## Task directions:
From the line that contains "Hi, I'm Lyle" to the last line of the data below, transcribe every line exactly. Do not include the pictures.

## Data:

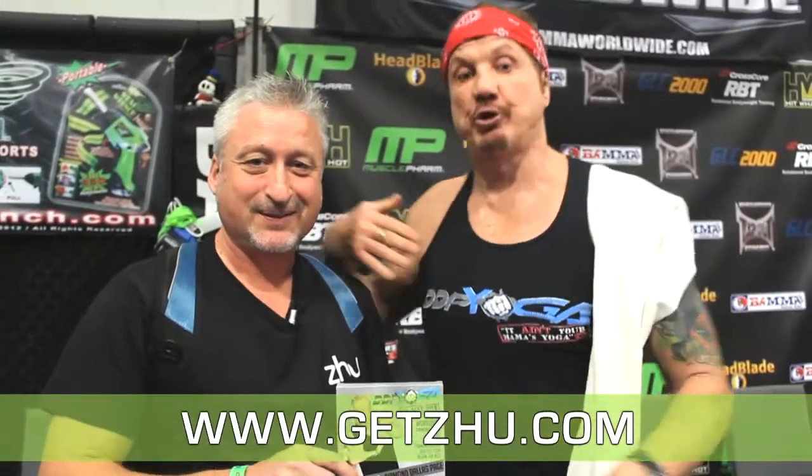It ain't your mama's yoga. Zero impact, kick-ass cardio, dramatically increased flexibility. Core strength conditioning. If you want to own your life, go to ddpyoga.com or else.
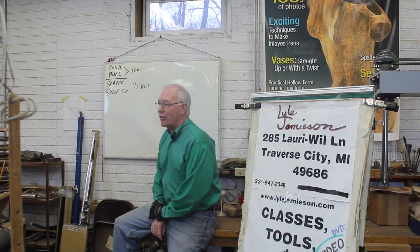Hi, I'm Lyle Jamison. Welcome to Traverse City, Michigan. As you can see, this is a working shop — not a classroom or studio.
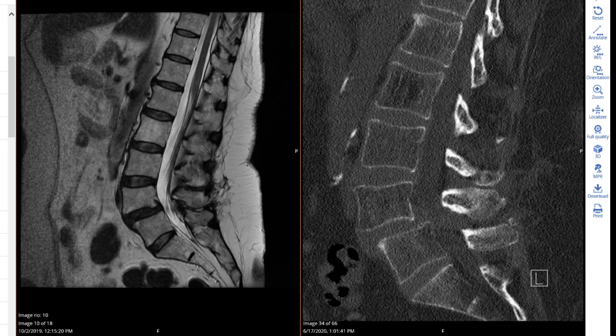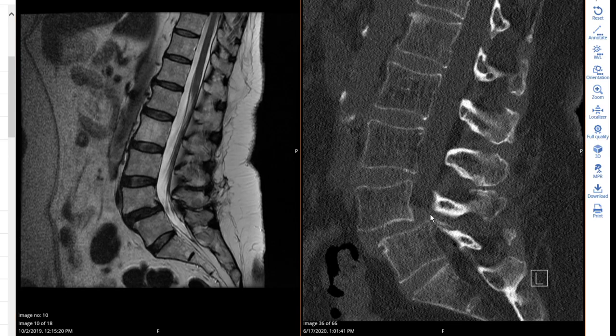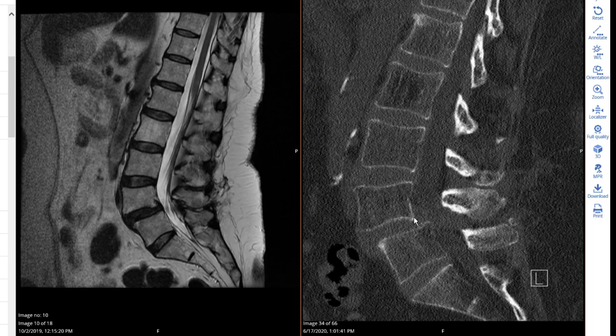Here I am going to describe a one-level OLEF procedure, a trans-foraminal approach for L4-5 spondylolisthesis. Traditionally, spondylolisthesis is a typical indication for fusion. In this patient, as you see in the CT, you are dealing with Grade II spondylolisthesis, meaning the shift is at or more than 25 percent. The MRI is less pronounced, but with flexion-extension we had a mobile stasis, and the patient had L4 and L5 radiculopathy corresponding to this. Conservative therapy has failed, so we decided to do the surgery.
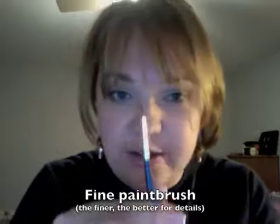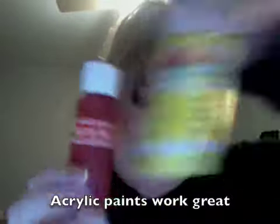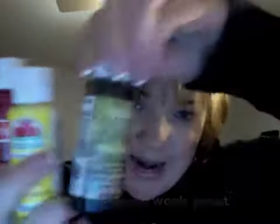You need a tray for the colors, a very fine detail paintbrush, and then you need paint: red, yellow, black, white, green, and then red and yellow mixed makes orange. You also need a can of water to wipe your brush off in between, and towels help as well.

## Result:
Hi, I'm Lyle Jamison. Welcome to Traverse City, Michigan. As you can see, this is a working shop — not a classroom or studio.
Here I am going to describe a one-level OLEF procedure, a trans-foraminal approach for L4-5 spondylolisthesis. Traditionally, spondylolisthesis is a typical indication for fusion. In this patient, as you see in the CT, you are dealing with Grade II spondylolisthesis, meaning the shift is at or more than 25 percent. The MRI is less pronounced, but with flexion-extension we had a mobile stasis, and the patient had L4 and L5 radiculopathy corresponding to this. Conservative therapy has failed, so we decided to do the surgery.
You need a tray for the colors, a very fine detail paintbrush, and then you need paint: red, yellow, black, white, green, and then red and yellow mixed makes orange. You also need a can of water to wipe your brush off in between, and towels help as well.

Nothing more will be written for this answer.